High statistical noise limits conclusiveness of ranking results as a benchmarking tool for university management

Office of the Rectorate, University of Vienna, Vienna, Austria
Department of Anthropology, University of Vienna, Vienna, Austria
DOI
10.7287/peerj.preprints.938v1
Subject Areas
Science and Medical Education, Science Policy, Statistics
Keywords
Times Higher Education Ranking, ARWU Ranking, Shanghai Ranking, Regression analysis, Statistical fluctuations
Copyright
© 2015 Sorz et al.
Licence
This is an open access article distributed under the terms of the Creative Commons Attribution License, which permits unrestricted use, distribution, reproduction and adaptation in any medium and for any purpose provided that it is properly attributed. For attribution, the original author(s), title, publication source (PeerJ PrePrints) and either DOI or URL of the article must be cited.
Cite this article
Sorz J, Fieder M, Wallner B, Seidler H. 2015. High statistical noise limits conclusiveness of ranking results as a benchmarking tool for university management.

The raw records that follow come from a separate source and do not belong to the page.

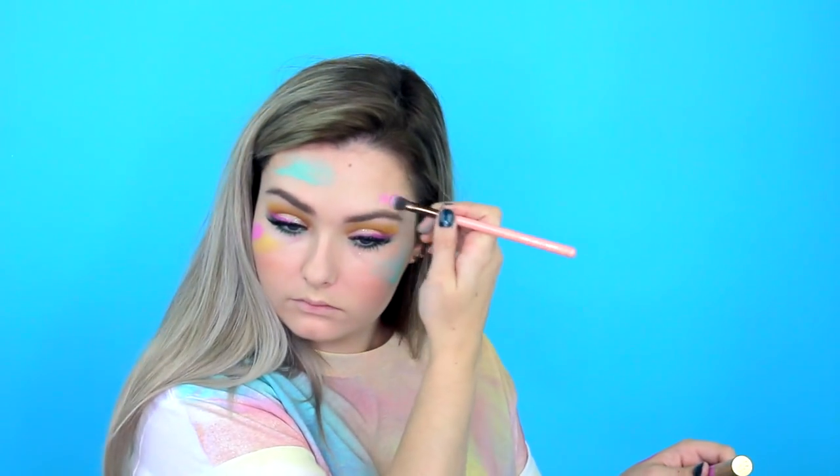Moving on to the paint splatter to tie in the costume - I'm using a Makeup Forever Aqua XL paint in aqua, basically just a blue color, and then I also took some NYX eyeliner in yellow and just kind of smeared that on my face. Then I also took a bright liquid lipstick from Too Faced and took that on a brush and kind of just swept that on my face to add a little bit of color and make it look like I was painting something.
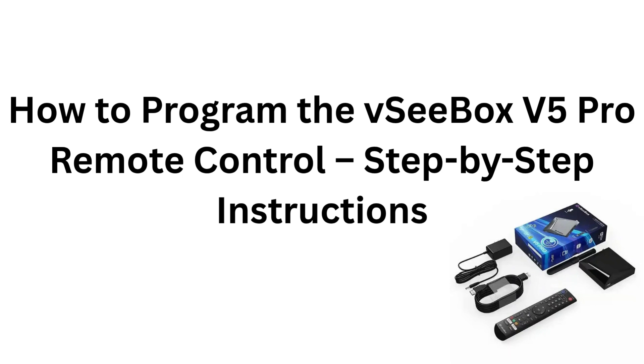How to program the VCBOX V5 Pro Remote Control. Step-by-step instructions.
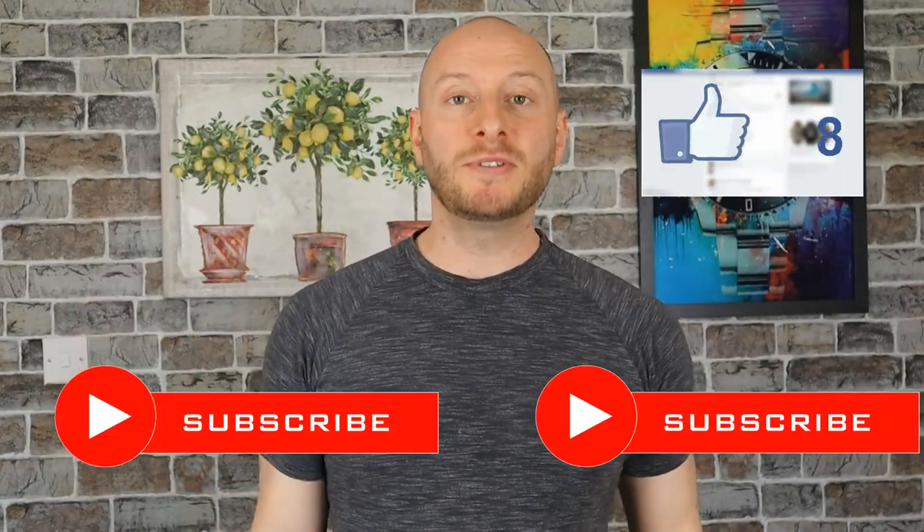Hi and welcome to Worth A Watch, my name's Carl. If you haven't already, please like and subscribe — it really helps the channel.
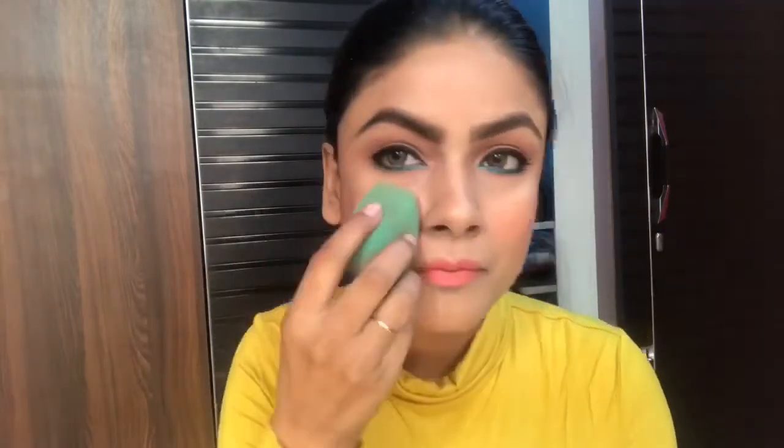Lastly, since Maybelline doesn't have a makeup fixer, I am using a regular makeup fixer to set my makeup. For this full makeup look, all the Maybelline products used are listed in the description box — you can check them from there.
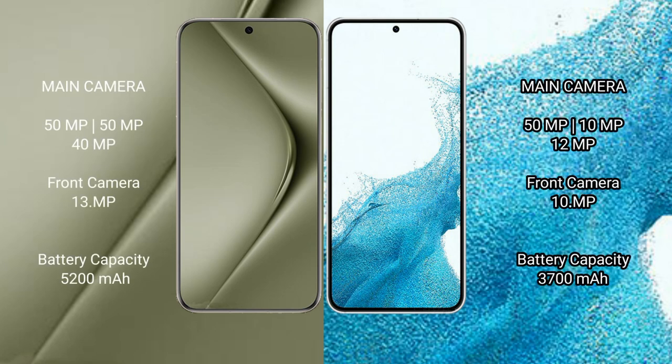The Wahabepura 70 Ultra features a triple rear camera setup of 50MP plus 50MP plus 40MP, and a 13MP front camera. The Samsung Galaxy S22 features a triple rear camera setup of 50MP plus 12MP plus 12MP, and a 10MP front camera.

PeerJ PrePrints 3:e938v1

Abstract

Regression analyses of results from the Times Higher Education (THES)-Ranking and Shanghai University’s Academic Ranking of World Universities (ARWU)-Ranking from 2010-2014 show fluctuations in the rank and score for lower scoring universities (below position 50) which lead to inconsistent “up and downs” in the total results, especially in the THES-Rankings. Furthermore year-to-year results do not correspond in THES- and ARWU-Rankings for universities below rank 50. We conclude that the observed fluctuations in the THES do not correspond to actual university performance and ranking results are thus of limited conclusiveness for the university management of lower scoring universities. We suggest that THE and ARWU alter their ranking procedure insofar as universities below position 50 should be ranked summarized only in groups of 25 or 50. The year to year changes in the ARWU scores are very small, so essential changes from year to year could not be expected, so therefore we argue to publish the ranking less frequently. Additionally, we argue for introducing a standardization process for ranking data in both rankings by using common suitable reference data to create calibration curves represented by non-linearity or linearity.

Author Comment

This is a submission to PeerJ for review.